I press him down, warm limbs against the fractured bed. My fingers trace along injured ribs, along torn armor edges. His skin beneath is hot, humming with residual energy. He winces; I pause.
“Sorry,” I whisper. “I just want to feel… everything right now.”
He nods. “I want that too.”
I kiss him then—soft at first, exploring. His arms wrap around me tight, possessive but gentle. His mouth opens, andI feel the brush of teeth, the press of tongue. But this isn’t just pressing lips. This is confession in quiet places. A vow in half-spoken touches.

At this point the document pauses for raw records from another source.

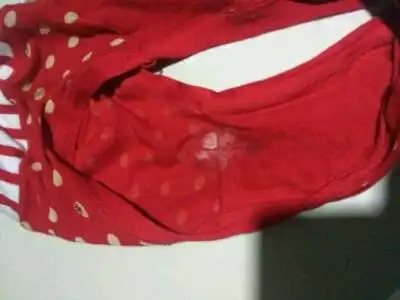 一天一换内裤每天晚上用水洗,可内裤上每天都有白色的东西,像渣似得?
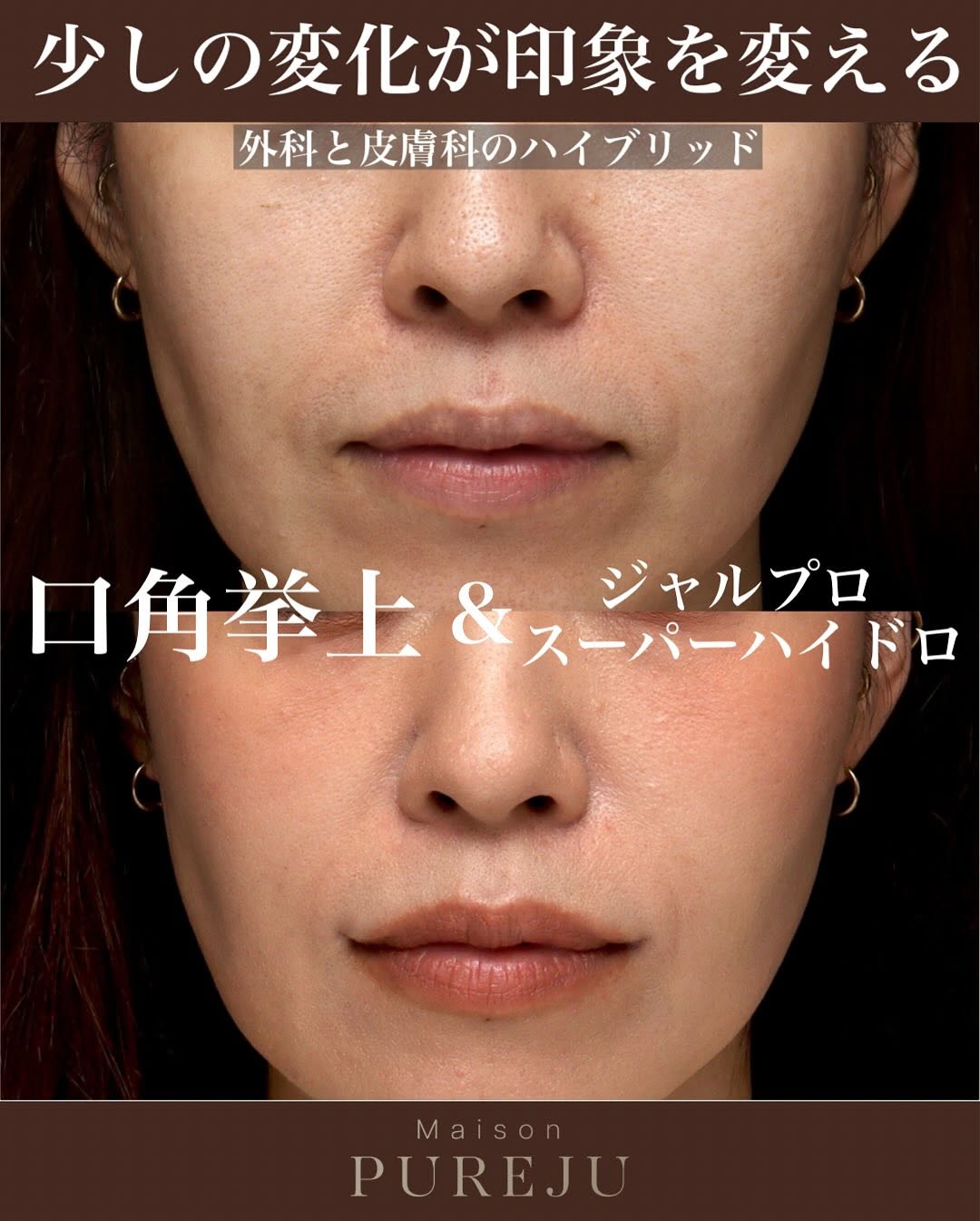 口角挙上の症例(ビフォーアフター)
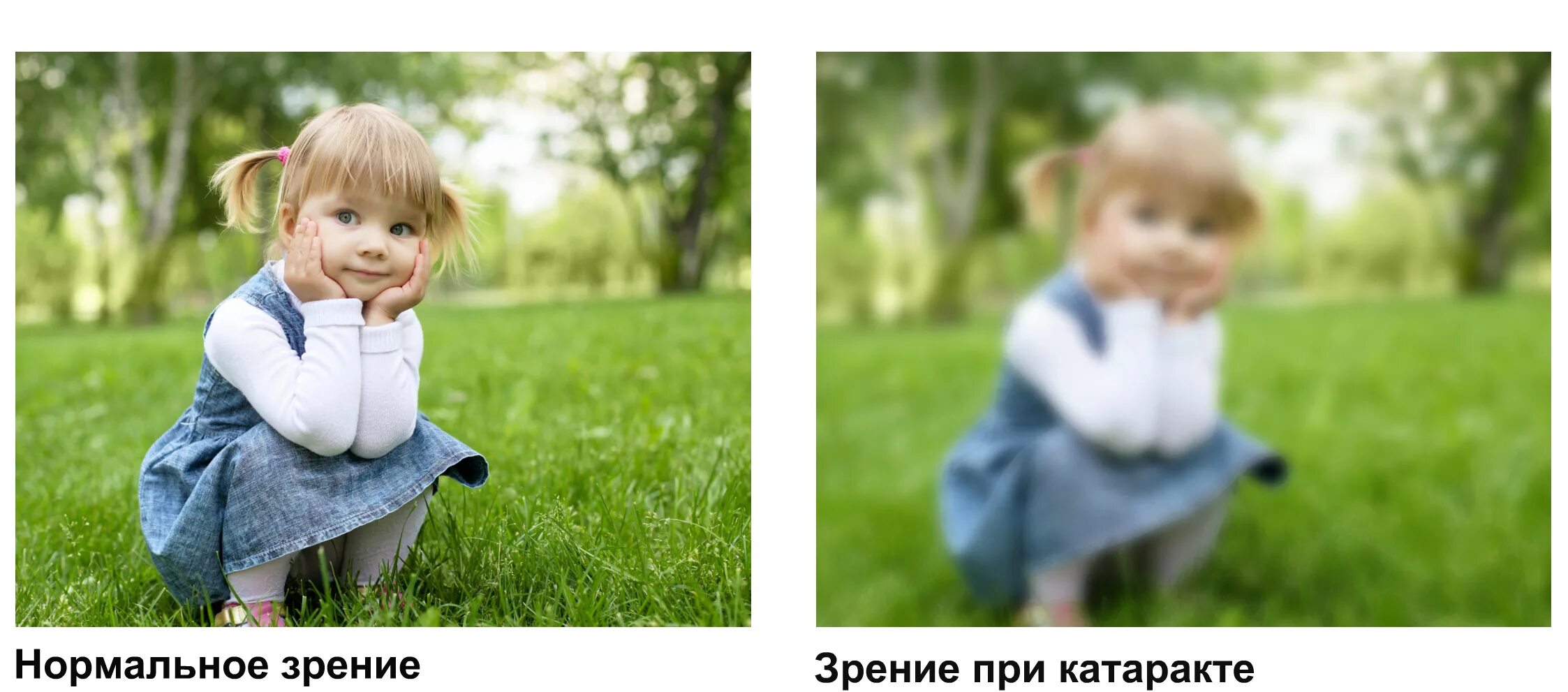 Как видят при катаракте. Как видит человек с катарактой. картинка при катаракте. как видит человек с катарактой картинки.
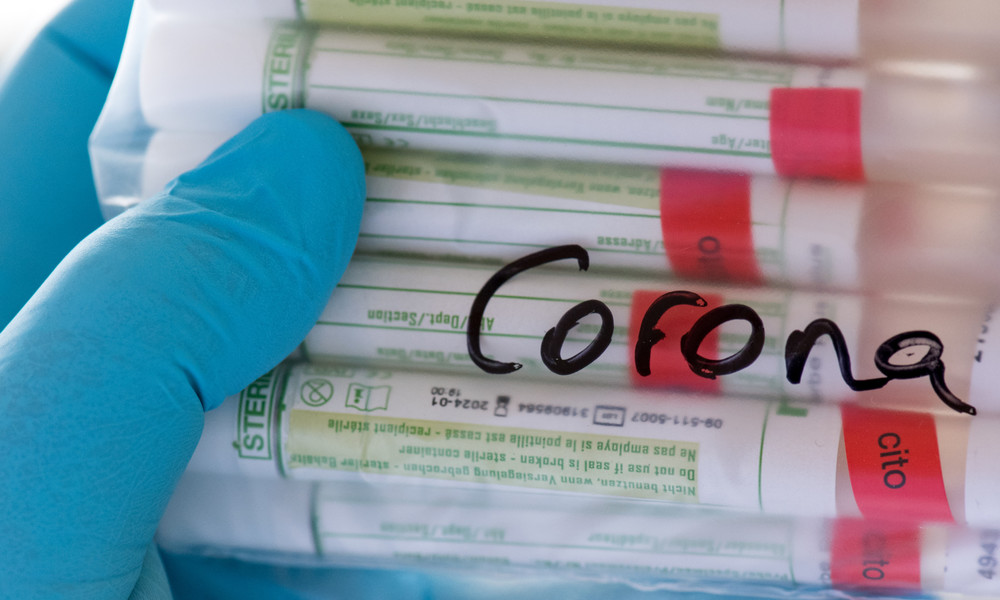 Corona-Ausschuss: "Es steht und fällt alles mit der Spezifität dieser Tests"
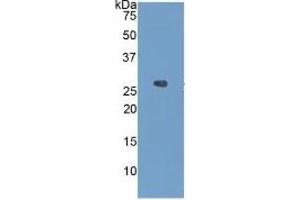 Western Blotting (WB) image for Insulin-Like Growth Factor Binding Protein 4 (IGFBP4) ELISA Kit (ABIN6730875)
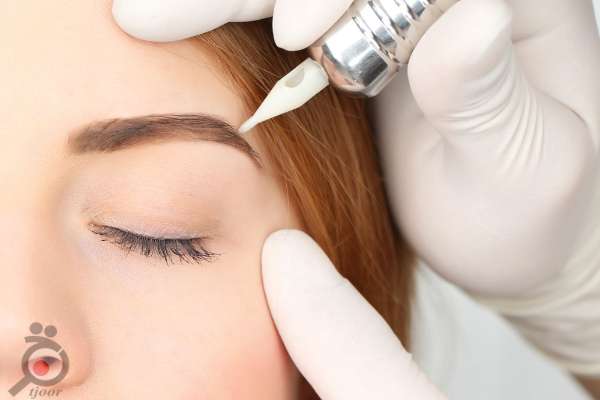 تخفیف تابستانی میکروپیگمنتیشن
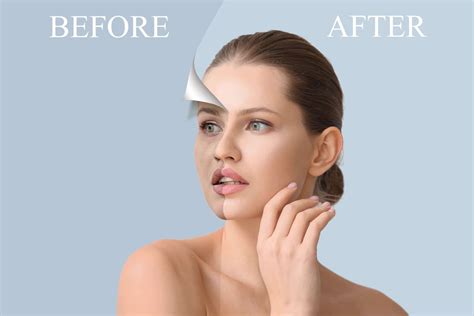 Forma Skin Tightening Before And After Witness The Results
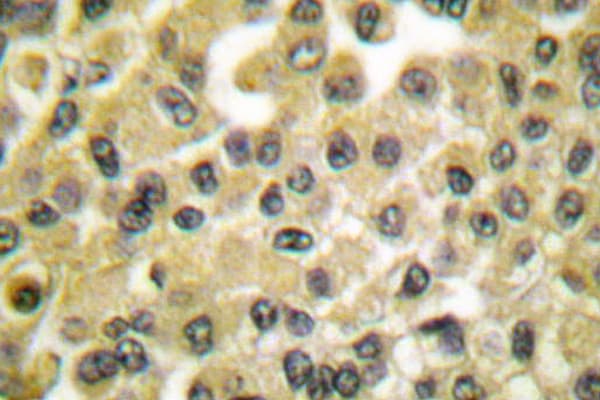 MCL1 / MCL 1 Antibody (Ser121)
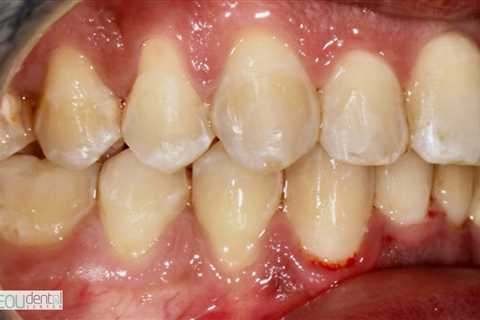 Standard post published to Symeou Dental Center at October 07, 2023 09:00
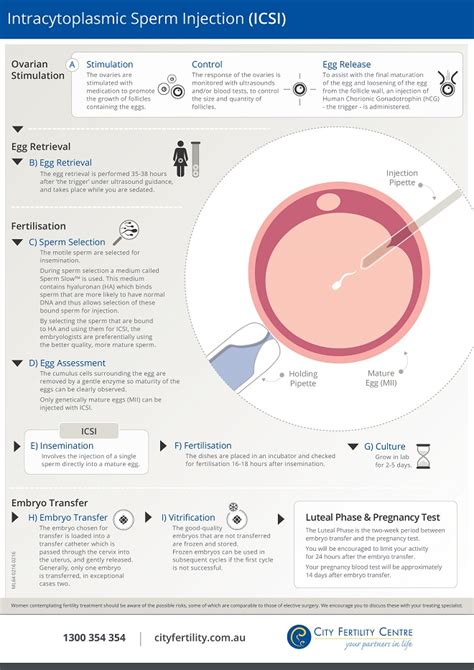 Icsi Intracytoplasmic Sperm Injection City Fertility Centre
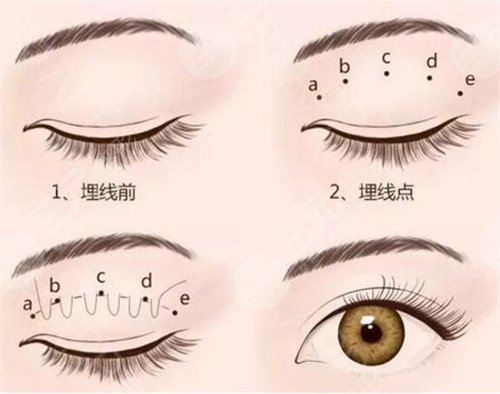 深圳南雅整形美容医院双眼皮手术案例：
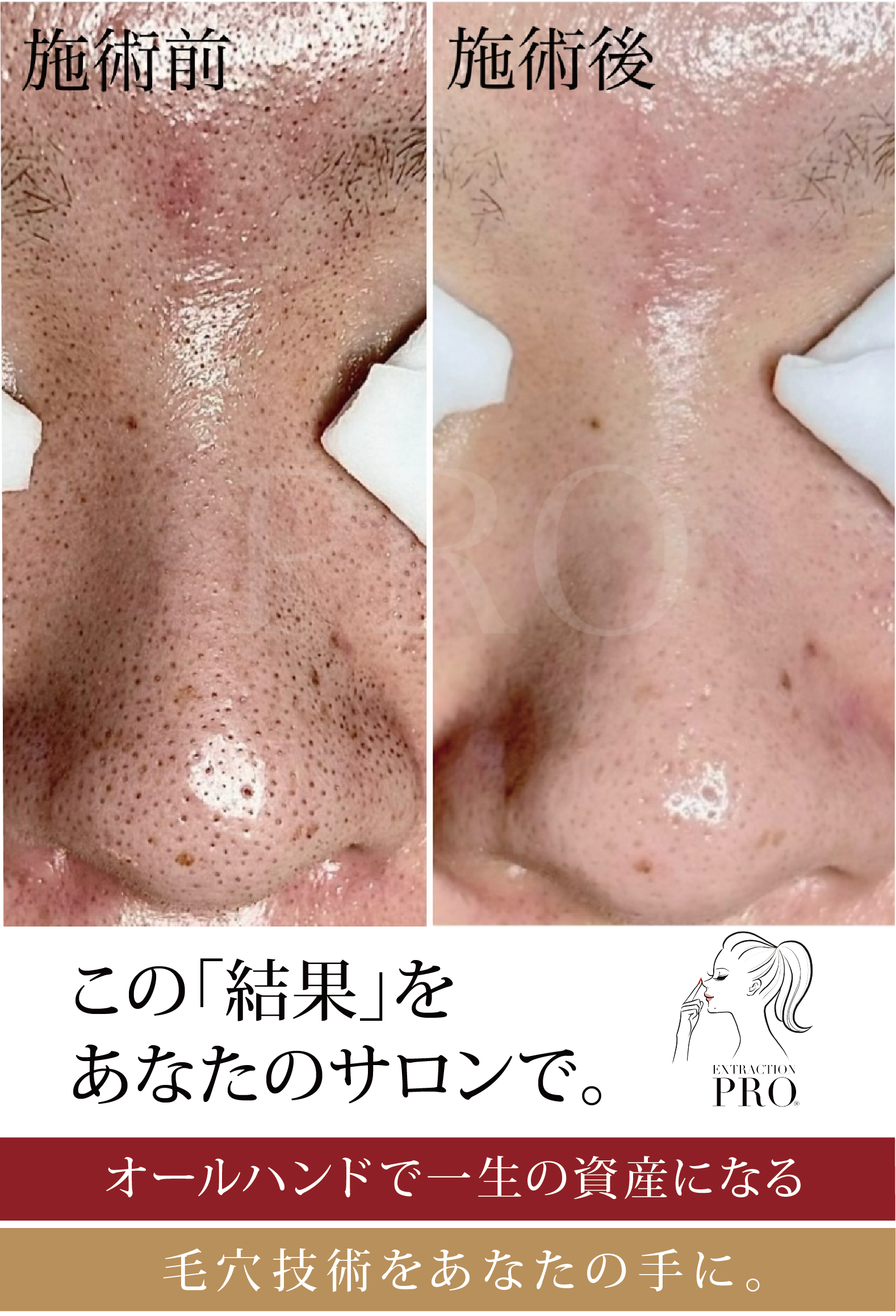 この「結果」をあなたのサロンで。オールハンドで一生の資産になる。毛穴技術をあなたの手に。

Our breathing mingles, ragged. There’s laughter in the mix—half delight, half relief—when he mumbles something about “broken warriors making good company.”
I tug him closer. I feel the press of his heart through ribs. I feel the bond sharpen, a humming blade threading through us. It doesn’t burn; it connects.
When we finally still, weight against weight, he says something that freezes the air.
“They won’t let me stay.”
My heart tenses.
“Don’t talk like that,” I say, trying to pull the darkness from his eyes. “We’ll figure it out. You’ll stay.”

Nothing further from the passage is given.